What Did Fitzgerald Know and When Did He Know It? is James Taranto’s question based on a NY Times story that “hints at the possibility of prosecutorial misconduct in the Valerie Plame” case.  He quotes:

An enduring mystery of the C.I.A. leak case has been solved in recent days, but with a new twist: Patrick J. Fitzgerald, the prosecutor, knew the identity of the leaker from his very first day in the special counsel's chair, but kept the inquiry open for nearly two more years before indicting I. Lewis Libby Jr., Vice President Dick Cheney's former chief of staff, on obstruction charges.

This national story is of keen interest here in Chicago, where Fitzgerald has been wielding a mighty swift sword of Justice Dept. anti-corruption activity.  Now, says NYT, there is “rich debate” about how he handled the Plame-leak business. 

Some say he “behaved much as did the independent counsels of the 1980's and 1990's who often failed to bring down their quarry on official misconduct charges but pursued highly nuanced accusations of a cover-up,” says NYT.

Armitage the Leaker would have resigned when he saw the Novak column that set things percolating, knowing he had goofed, but didn’t because it would have blown his cover.  He didn’t even tell Bush, after huddling with Colin Powell and the head State Dept. lawyer with the historic name of William H. (my guess it’s for Howard) Taft IV.

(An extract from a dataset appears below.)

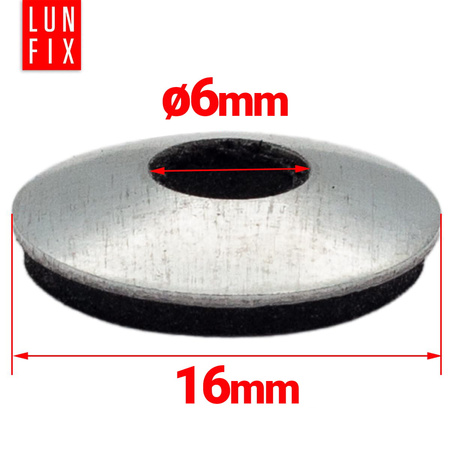 EPDM Unterlegscheiben M6 x 16mm 250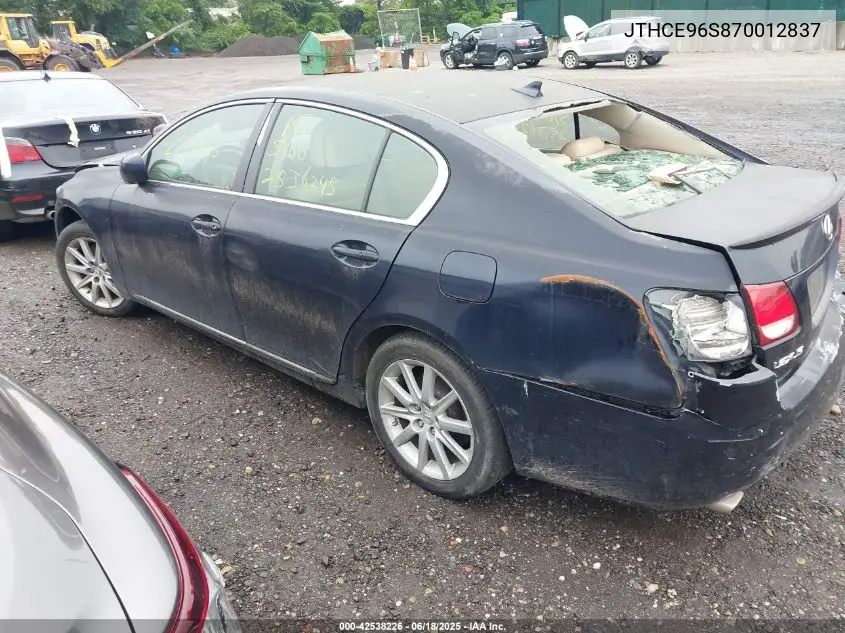 2007 Lexus Gs 350 VIN: JTHCE96S870012837 Lot: 42538226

He kept Bush in the dark “because [Fitzgerald] asked him not to divulge it,” says NYT, blind-sourcing.  Taranto is not pleased:

It seems that Fitzgerald and the State Department covered up a noncrime, and the effect was to keep alive the illusion that it was a crime. We won't speculate about the prosecutor's motives, but the more we hear about the case, the clearer it is that the whole thing stinks.